Moreover I feel your write clk is also not a clean 4MHz clock but some combinatorial clk based on 32MHz clk. 

 

If it works then I wouldn't worry now but problems could pop up later.

Hi Kaz, 

 

All I can say is that the rdreq that I saw on my logic analyser was not synchronous with any of my available clocks, probably because of arbitration on the PCI Local Bus. That is why I could not use a fixed clock for the rdclk signal. My 32MHz is a master clock from a crystal input to the FPGA and all other clocks down to 1MHz are created from it, so the 4MHz clock is pretty stable. I will let you know how I get on with the hardware dummy reads.

All, 

I am have a similar issue. 

 

My setup: 

Quartus 9 

MAX II 

Windows 10 

 

Write clk 200ns 

Read clk 200ns(shifted in phase from Write clk) 

small 8bit x 8words (for testing now, will get larger when I understand what is going on) 

 

My problem is not at the beginning but trying to read out the last word. I can write into the LPM_FIFO+. I have it set up as dual clock, but not using the DC module, (it acts the same way). My write clock is 200ns (MHz) which seems ok. I can see the address increment on my write clocks.
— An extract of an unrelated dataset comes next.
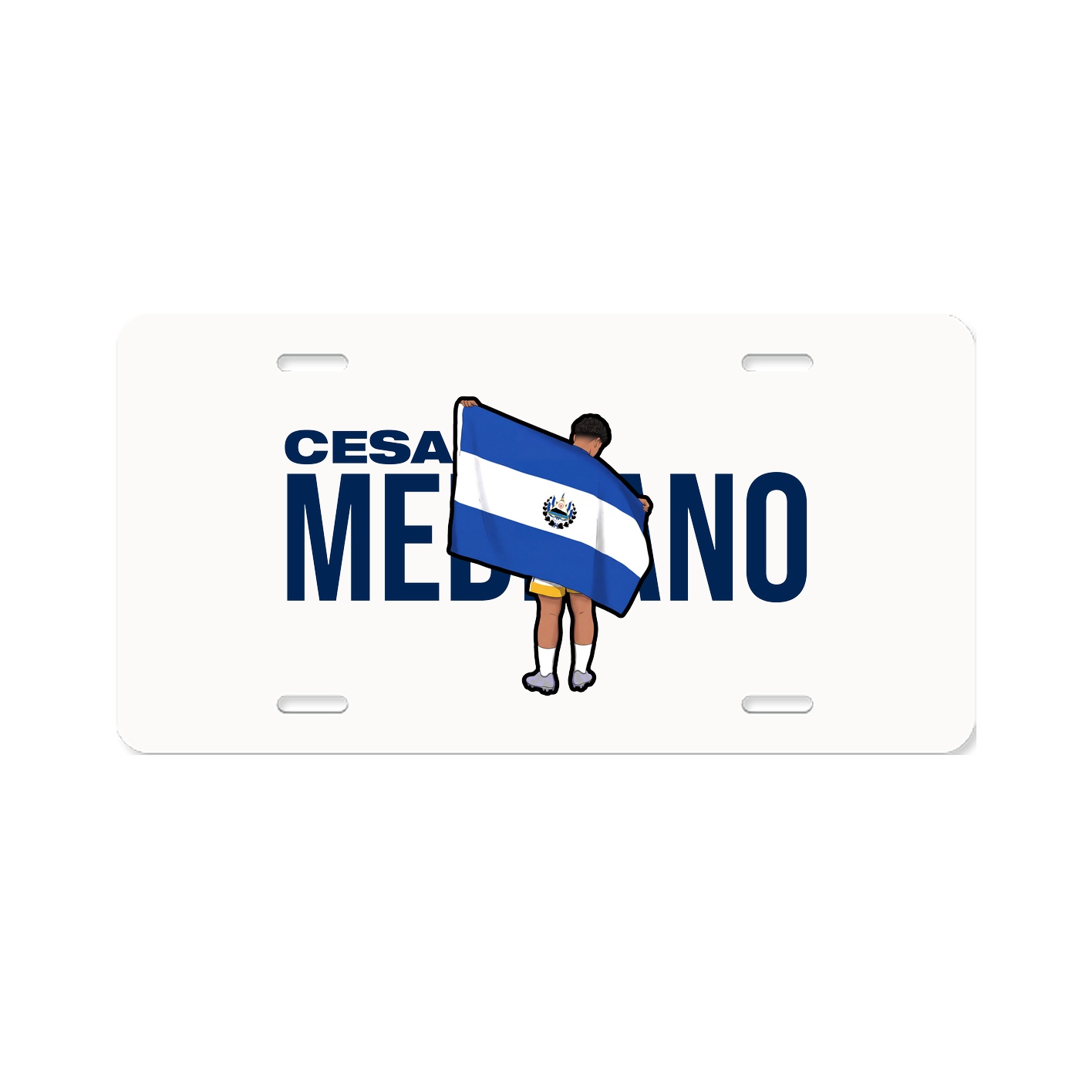 License Plate — Player Name in Classic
Example: I can write 4 words without any issues, and I can read out the first 3 words, but no matter what I do, I can not read out the last word. 

 

NOTES:  

The write-empty flag goes LO upon the first write clock.. (on I expect that),  

The read-empty flag goes LO around 1us after the 2nd write.????  

Then the read-empty flag goes HI upon the 3rd read, the write-empty flag stays LO.  

No matter how many reads I try after that, I can not read my 4th word I stored...... 

Also, my wr-address never decrements after each Read??? (shouldn't this count back down??) (the read address KINDA works as expected, it is delayed while writes are being made, but even though it sees the 4th read-clk, the address counts back down to 0, but no new data is available. the data that is on the OUTPUT is the 3rd word). 

 

I do get this warning! 

Warning: Assertion warning: Current device family (MAX II) does not support dual-port synchronous RAM -- implementing the synchronous RAM as a DFFE array instead 

 

but I am assuming !! that it behaves the same way as if it was implemented using RAM. 

 

Any ideas? 

 

Keith